* Task data *
= = = = = = =
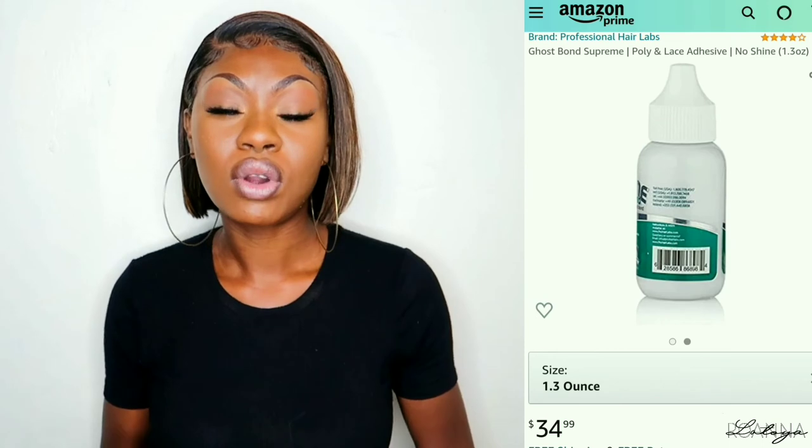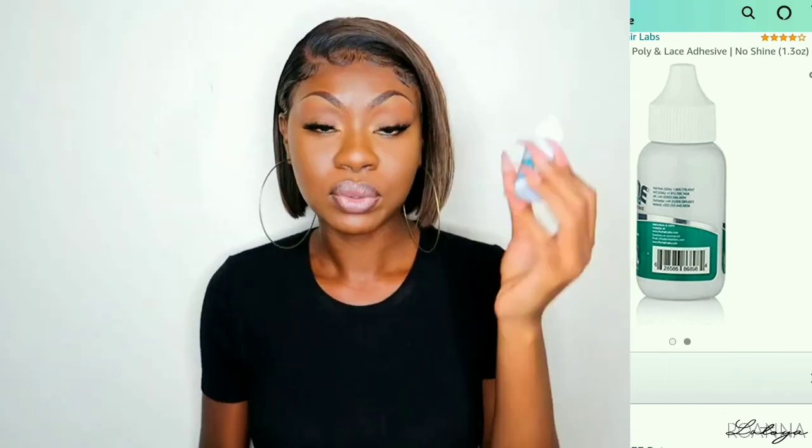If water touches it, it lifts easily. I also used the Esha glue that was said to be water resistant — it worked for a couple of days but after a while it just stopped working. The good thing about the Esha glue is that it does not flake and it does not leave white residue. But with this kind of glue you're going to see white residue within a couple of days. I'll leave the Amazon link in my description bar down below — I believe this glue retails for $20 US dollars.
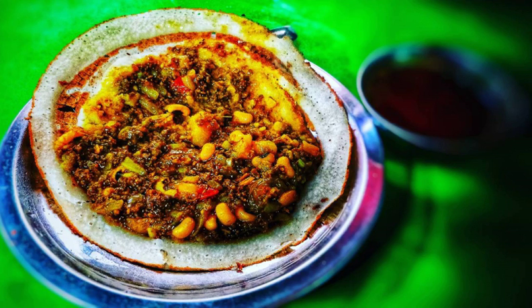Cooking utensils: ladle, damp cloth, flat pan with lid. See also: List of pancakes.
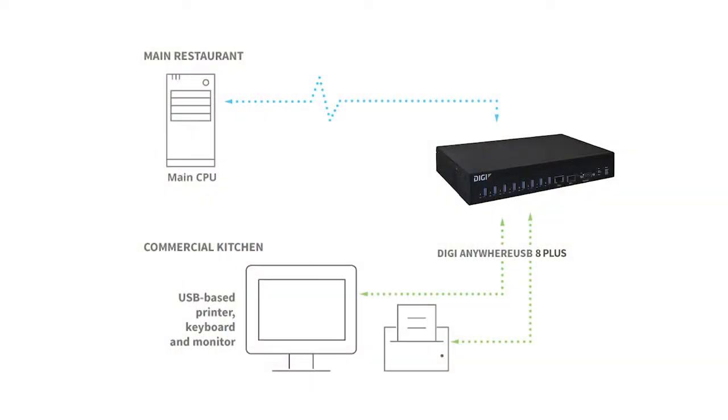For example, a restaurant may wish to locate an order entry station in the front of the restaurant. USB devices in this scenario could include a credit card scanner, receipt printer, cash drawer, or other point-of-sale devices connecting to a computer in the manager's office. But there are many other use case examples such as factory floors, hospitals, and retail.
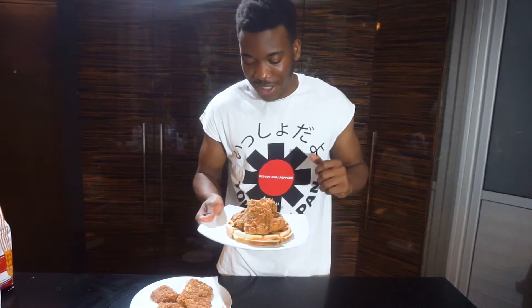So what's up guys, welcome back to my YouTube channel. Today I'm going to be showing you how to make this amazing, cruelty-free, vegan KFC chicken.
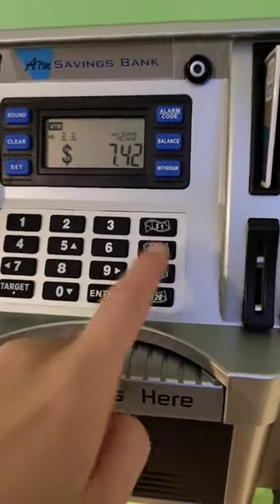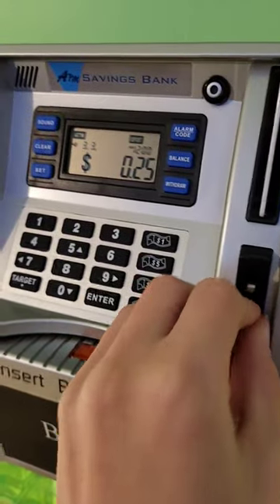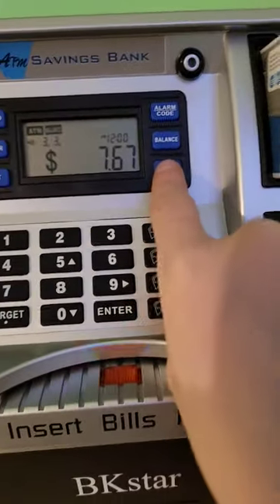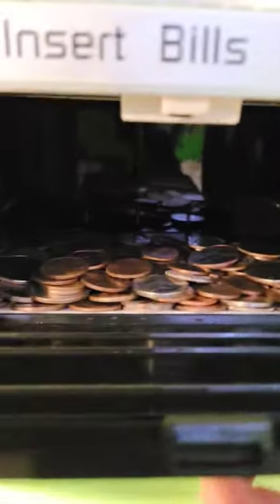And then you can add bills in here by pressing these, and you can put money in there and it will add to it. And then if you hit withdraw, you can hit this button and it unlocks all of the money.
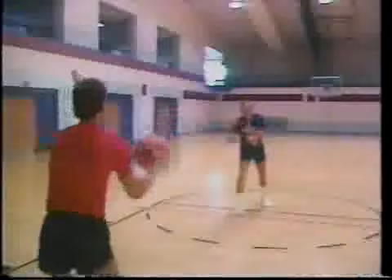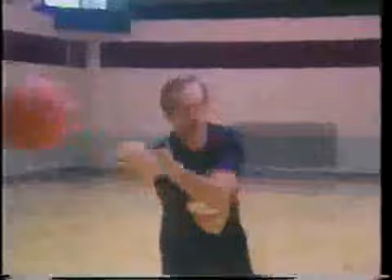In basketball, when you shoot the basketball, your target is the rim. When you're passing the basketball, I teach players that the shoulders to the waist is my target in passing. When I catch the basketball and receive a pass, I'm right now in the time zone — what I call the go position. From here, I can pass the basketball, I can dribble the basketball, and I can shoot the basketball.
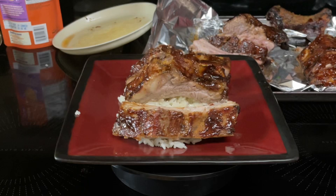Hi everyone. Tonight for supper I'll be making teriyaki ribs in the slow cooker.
= = = = = = =
The records above need retyping in full. Omit the pictures, and change nothing else.

* Output of the exercise *
If water touches it, it lifts easily. I also used the Esha glue that was said to be water resistant — it worked for a couple of days but after a while it just stopped working. The good thing about the Esha glue is that it does not flake and it does not leave white residue. But with this kind of glue you're going to see white residue within a couple of days. I'll leave the Amazon link in my description bar down below — I believe this glue retails for $20 US dollars.
Cooking utensils: ladle, damp cloth, flat pan with lid. See also: List of pancakes.
For example, a restaurant may wish to locate an order entry station in the front of the restaurant. USB devices in this scenario could include a credit card scanner, receipt printer, cash drawer, or other point-of-sale devices connecting to a computer in the manager's office. But there are many other use case examples such as factory floors, hospitals, and retail.
So what's up guys, welcome back to my YouTube channel. Today I'm going to be showing you how to make this amazing, cruelty-free, vegan KFC chicken.
And then you can add bills in here by pressing these, and you can put money in there and it will add to it. And then if you hit withdraw, you can hit this button and it unlocks all of the money.
In basketball, when you shoot the basketball, your target is the rim. When you're passing the basketball, I teach players that the shoulders to the waist is my target in passing. When I catch the basketball and receive a pass, I'm right now in the time zone — what I call the go position. From here, I can pass the basketball, I can dribble the basketball, and I can shoot the basketball.
Hi everyone. Tonight for supper I'll be making teriyaki ribs in the slow cooker.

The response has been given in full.